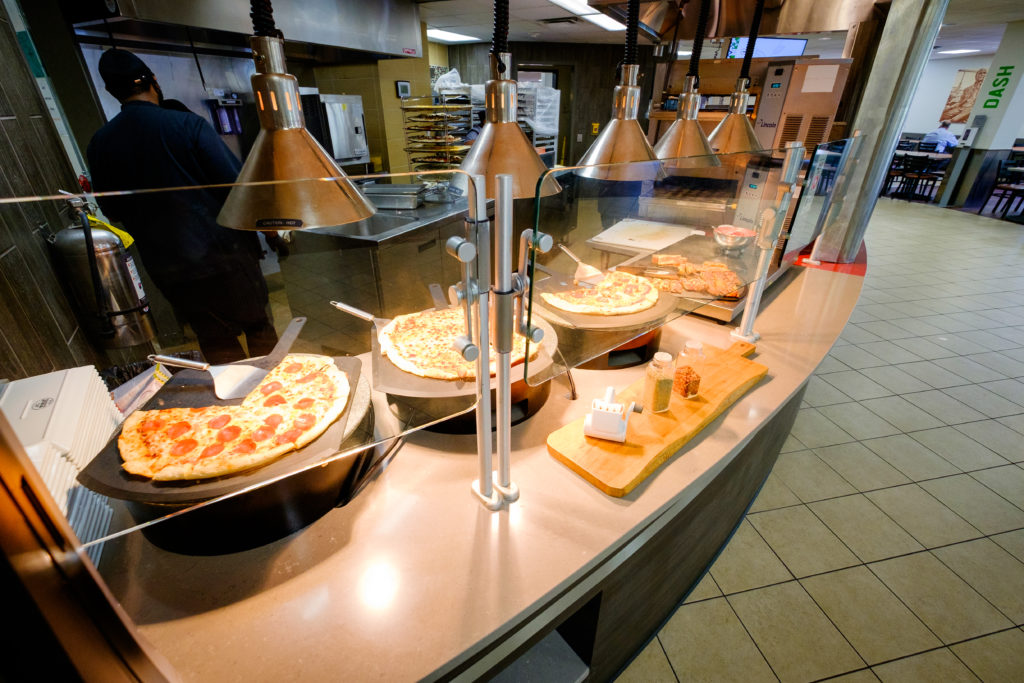 The pizza station in Fresh Food Co.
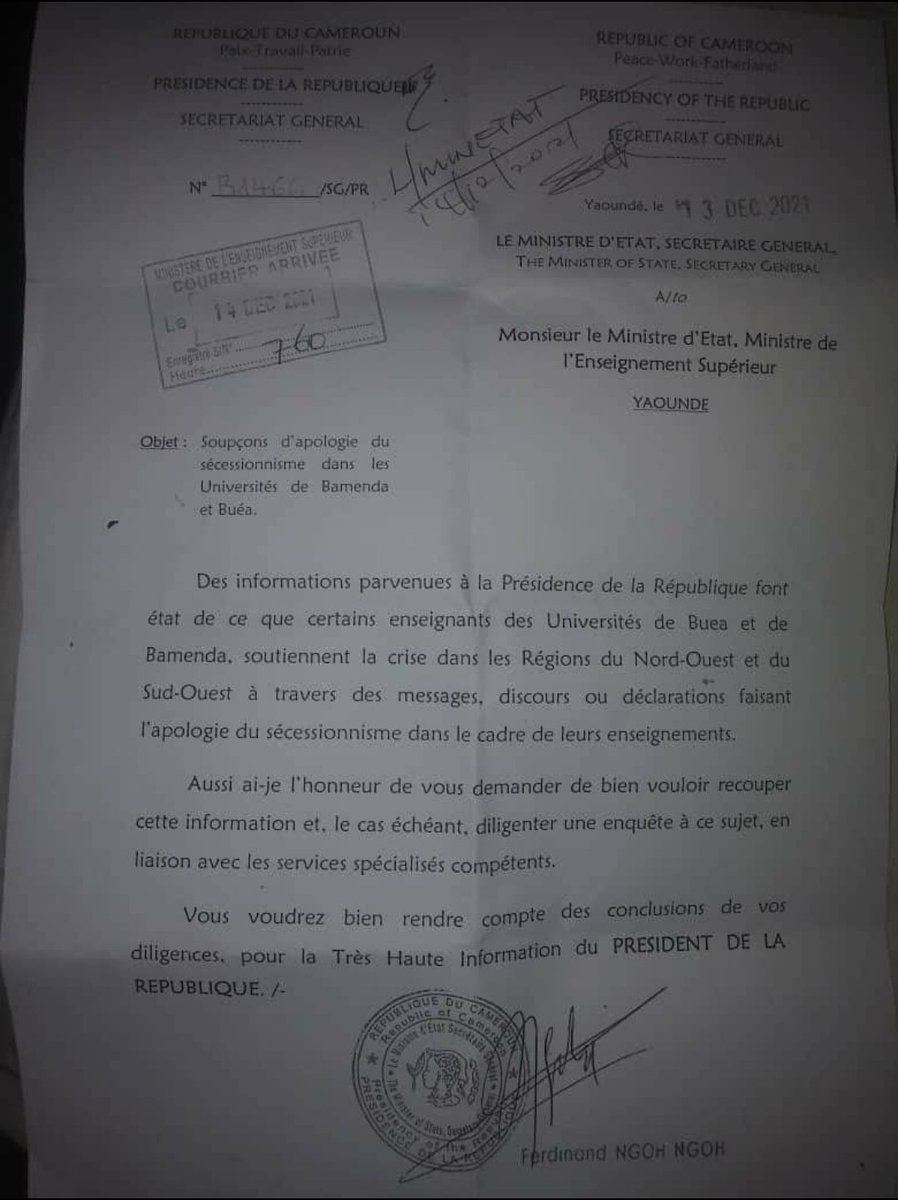 innochia's tweet photo. Yaounde, Cameroun - Dec 18, 2021 - Cameroun's SG @ the Presidency, Ngoh Ngoh, has rattled fence-sitters with a call for his Gestapo to 'disappear' Southern Cameroonian University teachers who are not teaching @PR_Paul_BIYA's one &amp; indivisible revisionist history of The Cameroons. https://t.co/mRXYslq6sk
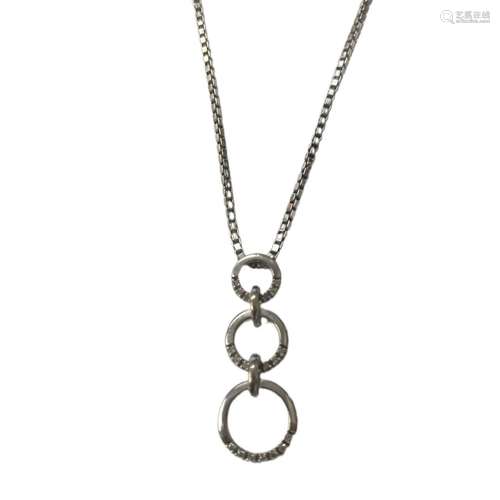 Pendentif triple cercles en or gris 18 ct avec brillants, av...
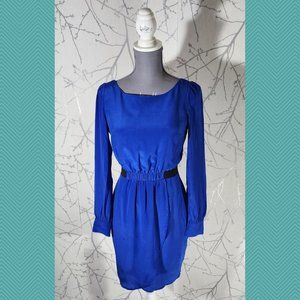 Aryn K. Royal Blue Silk Cinch Waist Long Sleeve Dress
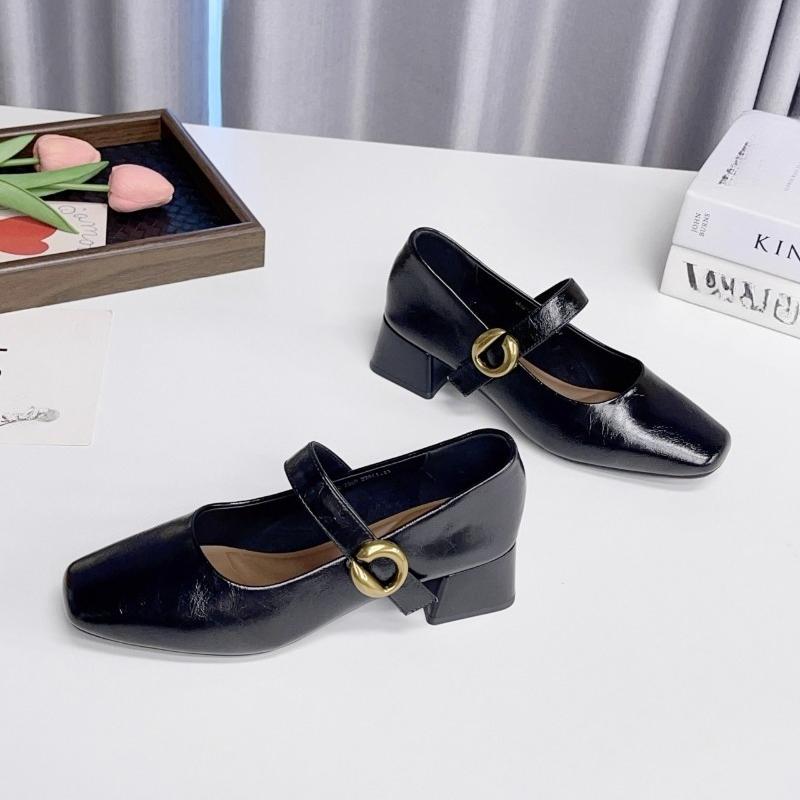 Fashion Mary Jane's 2025 New Square Toe Shallow Single Shoes Women's Block Heel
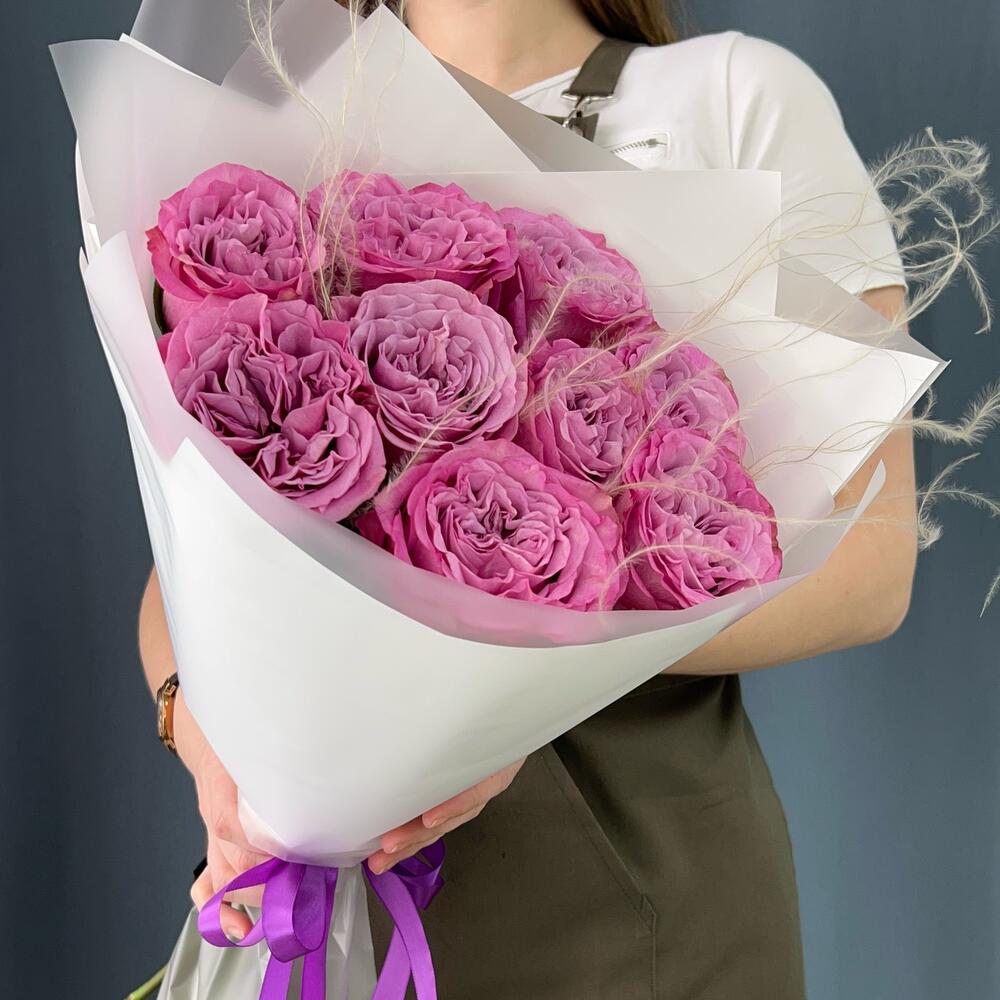 Моно букет из 9 пион роз💜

---*---

Description of the task: Write out all the entries word for word, but skip any images.

Completed task:
 The pizza station in Fresh Food Co.
 innochia's tweet photo. Yaounde, Cameroun - Dec 18, 2021 - Cameroun's SG @ the Presidency, Ngoh Ngoh, has rattled fence-sitters with a call for his Gestapo to 'disappear' Southern Cameroonian University teachers who are not teaching @PR_Paul_BIYA's one &amp; indivisible revisionist history of The Cameroons. https://t.co/mRXYslq6sk
 Pendentif triple cercles en or gris 18 ct avec brillants, av...
 Aryn K. Royal Blue Silk Cinch Waist Long Sleeve Dress
 Fashion Mary Jane's 2025 New Square Toe Shallow Single Shoes Women's Block Heel
 Моно букет из 9 пион роз💜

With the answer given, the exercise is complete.